======== Entries supplied ========
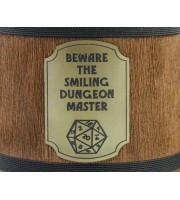 Smiling Dungeon Master Wooden Beer Stein for Tabletop Gamers, Unique Dungeon Master Beer Mug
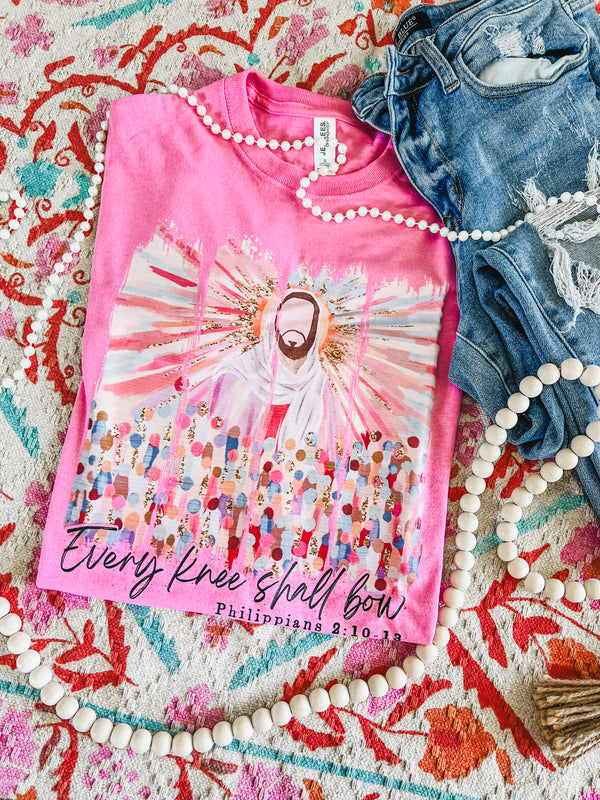 Every knee shall bow tee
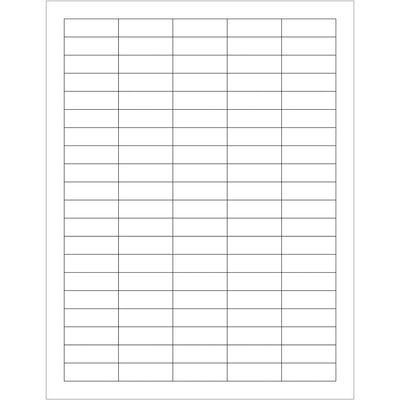 1.5" x 0.5" White Permanent Laser Labels - 10,000/Case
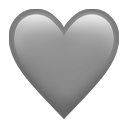 gray heart Slack emoji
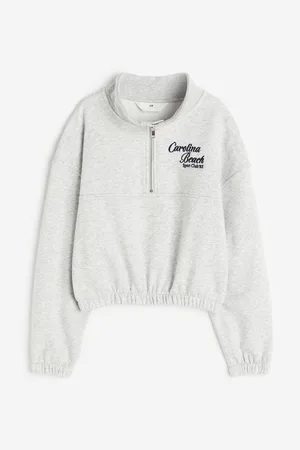 H&M Oversized zip-top sweatshirt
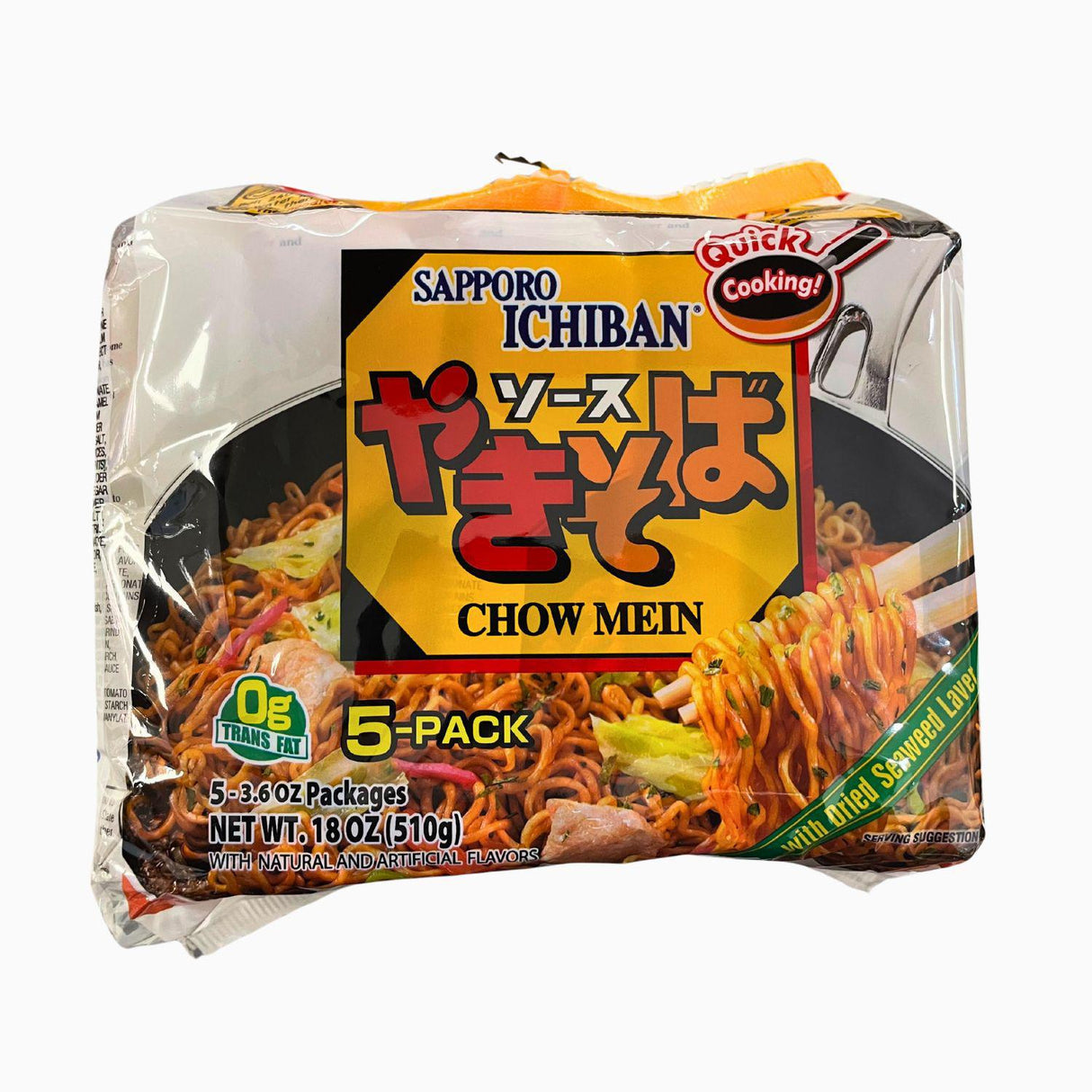 SAPPORO ICHIBAN CHOW MEIN YAKISOBA 5PACK 18OZ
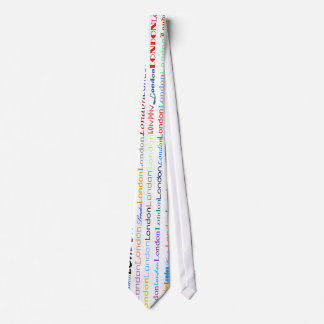 Cravate verticale London Text Design II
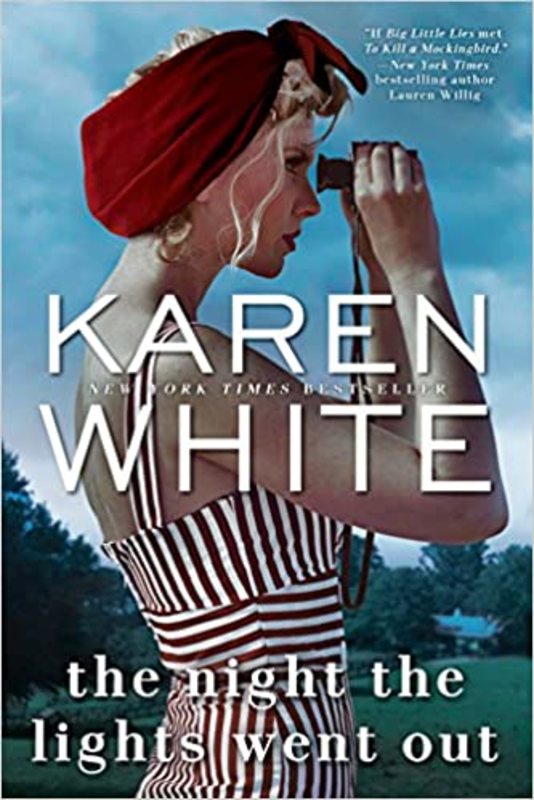 Book cover for "The Night the Lights Went Out" by Karen White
========
Please set down every record above exactly as it appears, leaving out the pictures.

## Solution to the exercise
 Smiling Dungeon Master Wooden Beer Stein for Tabletop Gamers, Unique Dungeon Master Beer Mug
 Every knee shall bow tee
 1.5" x 0.5" White Permanent Laser Labels - 10,000/Case
 gray heart Slack emoji
 H&M Oversized zip-top sweatshirt
 SAPPORO ICHIBAN CHOW MEIN YAKISOBA 5PACK 18OZ
 Cravate verticale London Text Design II
 Book cover for "The Night the Lights Went Out" by Karen White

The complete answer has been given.